Compute Group Use Cases
In a multi-compute-group architecture, you can use the USE @<compute_group_name> statement to route specific workloads to a designated compute group, achieving physical isolation across different workload types.
The following scenarios assume two compute groups, C1 and C2:
| Scenario | Description | How to Operate |
|---|---|---|
| Read-read isolation | Two large queries run on separate compute nodes, avoiding CPU/memory resource contention | Query 1 uses USE @c1; Query 2 uses USE @c2 |
| Read-write isolation | Avoids resource contention between ingestion and queries; C1 can access data newly ingested in C2 | Queries use USE @c1; ingestion uses USE @c2 |
| Write-write isolation | High-frequency small ingestion and large-batch ingestion run separately to avoid mutual interference | Small ingestion uses USE @c1; batch ingestion uses USE @c2 |
Default Compute Group Selection Mechanism
When the user has not explicitly set a default compute group, the system automatically selects a compute group that meets the following conditions:
- The compute group has at least one live compute node.

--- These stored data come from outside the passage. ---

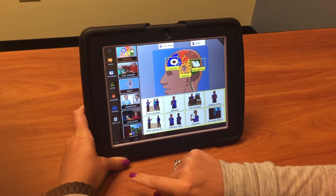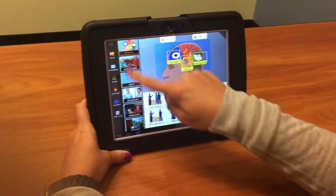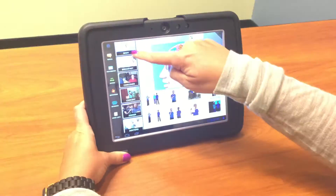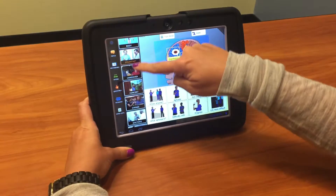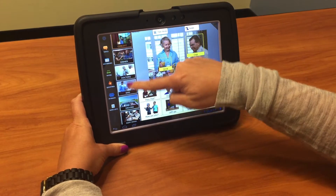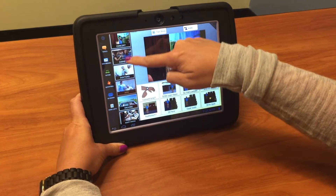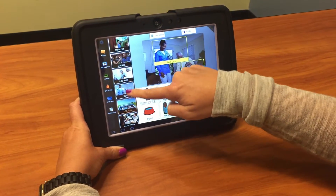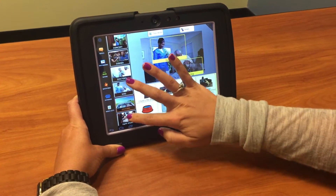First you have all the topics on the side here: Dinner, concert, dogs, family.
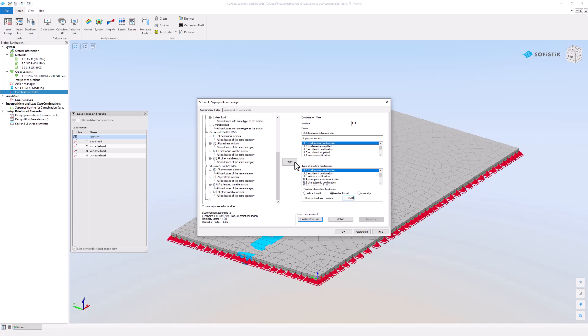The default option, semi-automatic, is active. This means that all superposed result load cases will start with the number 2500 and count upwards. Don't forget to apply your changes.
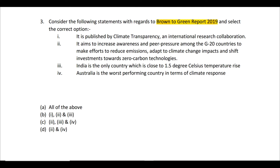The report aims to increase awareness and peer pressure among G20 countries to reduce emissions, adapt to climate change impacts, and shift investments towards zero carbon technology. Essentially it tries to promote friendly competition among these top 20 economies to see who can contribute maximum to reducing emission, reducing global warming, and investing towards cleaner and greener technologies.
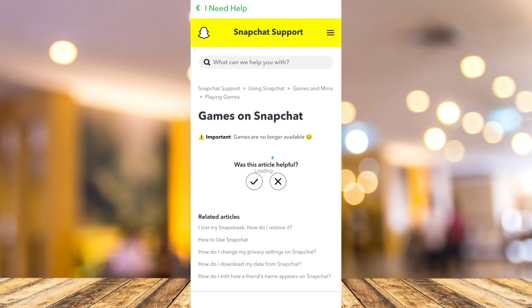So you can see right here: games are no longer available. We found out that we can't play games on Snapchat right now. So don't waste your time going to YouTube to find some solution to play games on Snapchat, because Snapchat support says that games are no longer available.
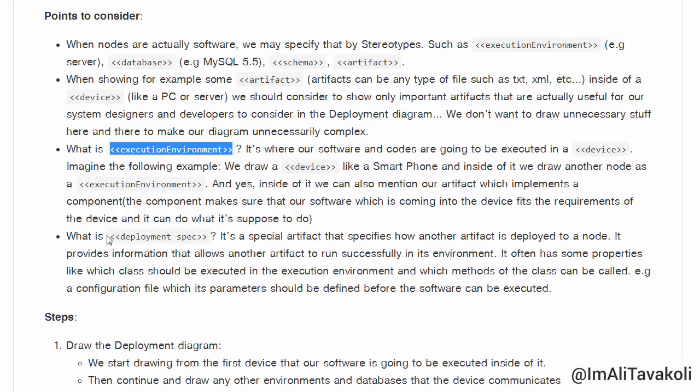What do we mean by deployment spec? It's a special artifact that specifies how another artifact is deployed to a node. It provides information that allows another artifact to run successfully in its environment. It often has properties like which class should be executed and which methods can be called. For example, a configuration file can be the deployment spec — its parameters should be defined before the software can be executed.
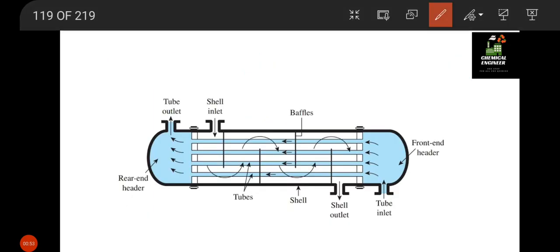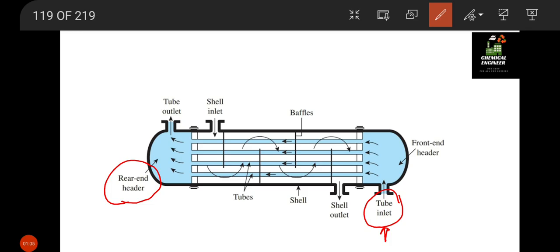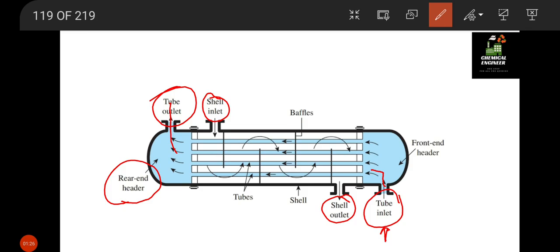This is a basic figure of a shell and tube type heat exchanger. The fluid passing through tubes enters from the tube inlet, passes through the tubes, and exits from the tube outlet. For the shell side, we have a shell inlet and shell outlet. The blue area represents the shell-side fluid, and the white-colored elements are the tubes inside the shell.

- The current user has the USAGE_PRIV permission on that compute group.
Within the same session, the default compute group remains unchanged unless the user explicitly changes it. Across sessions, the system may automatically switch the default compute group if any of the following conditions occur:
| Trigger Condition | Always Switches |
|---|---|
| The user loses USAGE_PRIV on the previously selected compute group | Yes |
| A compute group is added or removed | Yes |
| The previously selected compute group no longer has live compute nodes | Possibly |
View All Compute Groups
Purpose: View all compute groups in the current repository.
Command:
SHOW COMPUTE GROUPS;
Description: The returned results vary based on the user's permission level:
- Users with
ADMINpermission can view all compute groups. - Regular users can only view the compute groups for which they have
USAGE_PRIVpermission. - If the user has no USAGE_PRIV on any compute group, the result is empty.
Add a Compute Group
Prerequisites: The OPERATOR permission (node management permission) is required. By default, only the root account has this permission. You can grant it to other accounts using the GRANT command. See Permission Management for details.
Purpose: Add a BE node and assign it to a compute group.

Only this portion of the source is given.